Saturday, November 2, 2019

106 (2019-2020): Review: BELLA BELLA (seen November 1, 2019)


“Abzug-lutely”

One night after I saw The Great Society, the second play in Robert Schenkkan’s epic diptych about Pres. Lyndon Baines Johnson, the play I was watching, Bella Bella, not only heavily referenced the 36th POTUS but, even more coincidentally, quoted his famous line about not seeking the nomination of his party, which headlined my review.

Harvey Fierstein. All photos: Jeremy Daniel.
Bella Bella, at the Manhattan Theatre Club’s City Center Stage 1, is a one-man work about New York activist and politician Bella Abzug (1920-1998),written by and starring the redoubtable Harvey Fierstein. And while being far more modest than The Great Society it’s also much more entertaining.

Fierstein (Torch Song Trilogy, Kinky Boots), the buzz saw-voiced actor-playwright who can do drag with the best of them, did not originally intend to play “Battling Bella,” but, given his dipped-in-New York/Yiddishkeit persona, it’s hard to think of anyone (male or female) who could more delightfully have brought her to raging life, warts and all. Still, it’s ironic that a man is playing a woman whose life was largely dedicated to giving women equal rights with men. Whoever the actress might have been, a man took her job!

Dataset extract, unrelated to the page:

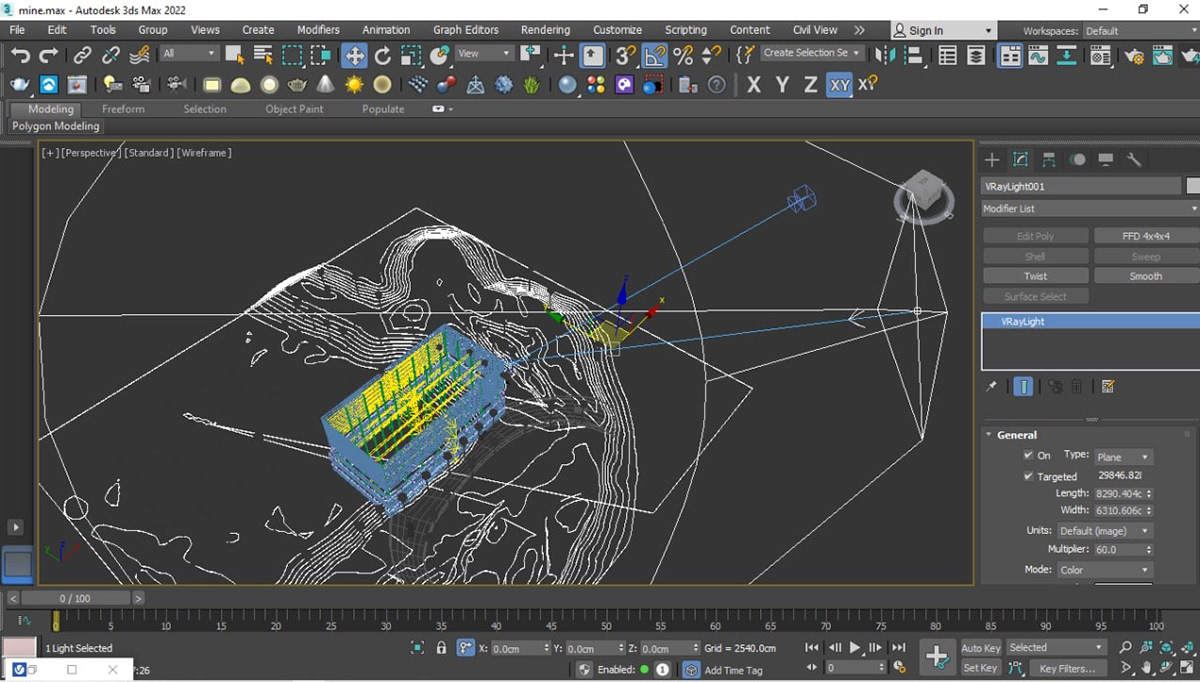 Maquette modeling using 3ds max-6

Abzug, the profane, colorfully outspoken, antiwar, feminist activist and politician, known for her broadbrimmed, eye-catching hats, served productively in the House of Representatives from 1970-1976, when—seeking to break into the then entirely male Senate—she lost her run to Daniel Patrick Moynihan. And not by much.
Harvey Fierstein. 
It’s unlikely that anyone not familiar with New York politics of the 60s and 70s would find the name-dropping world of Bella Bella particularly enthralling, although Abzug had a mouth on her that could have served equally well for a career in stand-up comedy. Those who remember her (what New Yorker from those days cannot?) will find Fierstein’s Abzug a sharp-tongued, very funny, and still absolutely relevant figure. She took no crap for her radical beliefs, never wavering in her support of her favorite causes.

Fierstein, smartly directed by Kimberly Senior, makes the unusual choice not to play the part in drag, or to do much to make himself particularly “feminine.” Somewhat stockier than the amply proportioned Abzug, he performs barefoot (with red toenails), in black slacks and a black shirt (Rita Ryack gets the design credit). He wears no makeup other than, perhaps, some lip rouge; his hair—no wig—is its natural silver. A large, circular red hat, not donned until the end, is prominently displayed, reminding us of Abzug’s trademark prop.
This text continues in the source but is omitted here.